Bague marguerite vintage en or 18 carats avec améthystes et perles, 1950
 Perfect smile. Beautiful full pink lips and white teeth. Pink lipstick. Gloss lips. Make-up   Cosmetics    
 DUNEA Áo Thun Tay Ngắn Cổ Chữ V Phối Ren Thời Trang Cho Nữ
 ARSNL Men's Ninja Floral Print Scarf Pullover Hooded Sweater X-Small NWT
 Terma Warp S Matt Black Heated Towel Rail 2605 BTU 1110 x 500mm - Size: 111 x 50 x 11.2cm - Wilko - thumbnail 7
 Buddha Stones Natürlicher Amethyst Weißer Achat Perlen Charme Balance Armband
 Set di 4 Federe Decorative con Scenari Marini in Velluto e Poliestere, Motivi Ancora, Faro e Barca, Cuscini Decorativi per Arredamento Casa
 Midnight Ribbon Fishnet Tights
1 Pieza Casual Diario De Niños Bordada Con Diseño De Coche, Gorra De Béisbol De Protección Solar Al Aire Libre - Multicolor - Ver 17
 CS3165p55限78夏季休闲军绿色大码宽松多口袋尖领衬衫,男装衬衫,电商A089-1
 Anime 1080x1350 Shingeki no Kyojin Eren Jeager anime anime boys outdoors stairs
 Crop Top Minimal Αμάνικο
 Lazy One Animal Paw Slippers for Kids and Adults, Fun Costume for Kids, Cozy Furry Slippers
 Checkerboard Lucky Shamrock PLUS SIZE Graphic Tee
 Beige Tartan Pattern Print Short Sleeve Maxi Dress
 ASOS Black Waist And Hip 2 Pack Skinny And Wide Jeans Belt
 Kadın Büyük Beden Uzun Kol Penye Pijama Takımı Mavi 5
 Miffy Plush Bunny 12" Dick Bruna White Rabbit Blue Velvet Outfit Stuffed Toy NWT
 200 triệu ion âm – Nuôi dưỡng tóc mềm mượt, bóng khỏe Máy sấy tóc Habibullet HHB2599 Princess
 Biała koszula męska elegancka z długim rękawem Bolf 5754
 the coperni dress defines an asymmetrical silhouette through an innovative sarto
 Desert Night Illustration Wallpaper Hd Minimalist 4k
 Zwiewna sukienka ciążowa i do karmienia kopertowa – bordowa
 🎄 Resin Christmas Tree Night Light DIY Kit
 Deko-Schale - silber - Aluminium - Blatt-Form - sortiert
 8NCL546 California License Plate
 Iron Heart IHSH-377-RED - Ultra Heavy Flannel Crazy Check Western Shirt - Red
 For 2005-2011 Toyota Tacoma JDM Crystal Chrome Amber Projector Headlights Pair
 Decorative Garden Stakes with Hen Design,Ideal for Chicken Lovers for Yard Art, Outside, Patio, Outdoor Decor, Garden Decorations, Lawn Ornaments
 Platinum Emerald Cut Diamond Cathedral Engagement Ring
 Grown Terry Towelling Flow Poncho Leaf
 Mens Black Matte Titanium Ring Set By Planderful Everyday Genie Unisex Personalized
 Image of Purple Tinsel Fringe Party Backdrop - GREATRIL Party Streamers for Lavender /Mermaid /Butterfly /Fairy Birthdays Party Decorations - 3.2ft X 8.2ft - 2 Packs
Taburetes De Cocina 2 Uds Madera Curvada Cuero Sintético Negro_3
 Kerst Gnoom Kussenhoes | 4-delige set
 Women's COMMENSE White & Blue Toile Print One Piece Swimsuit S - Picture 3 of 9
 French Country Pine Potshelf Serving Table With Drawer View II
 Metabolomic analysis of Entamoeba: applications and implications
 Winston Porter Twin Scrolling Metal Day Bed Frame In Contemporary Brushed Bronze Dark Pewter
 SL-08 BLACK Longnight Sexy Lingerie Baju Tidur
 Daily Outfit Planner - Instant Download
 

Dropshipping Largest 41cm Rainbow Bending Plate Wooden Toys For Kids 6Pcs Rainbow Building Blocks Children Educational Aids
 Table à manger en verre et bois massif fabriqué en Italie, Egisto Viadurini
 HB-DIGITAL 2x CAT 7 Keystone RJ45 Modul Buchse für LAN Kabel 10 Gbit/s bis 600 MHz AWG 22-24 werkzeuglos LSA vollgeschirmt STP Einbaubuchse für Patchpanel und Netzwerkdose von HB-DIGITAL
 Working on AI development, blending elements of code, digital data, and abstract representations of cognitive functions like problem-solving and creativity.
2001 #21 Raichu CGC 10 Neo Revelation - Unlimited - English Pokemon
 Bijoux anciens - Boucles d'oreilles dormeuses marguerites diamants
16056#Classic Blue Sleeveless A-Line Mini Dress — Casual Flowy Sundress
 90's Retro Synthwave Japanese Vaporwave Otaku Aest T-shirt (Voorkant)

▶ WHAT IS BEING ASKED
Note which lines carry the word "Table" in the material, then copy each of them.

▶ WRITTEN RESPONSE
 French Country Pine Potshelf Serving Table With Drawer View II
 Table à manger en verre et bois massif fabriqué en Italie, Egisto Viadurini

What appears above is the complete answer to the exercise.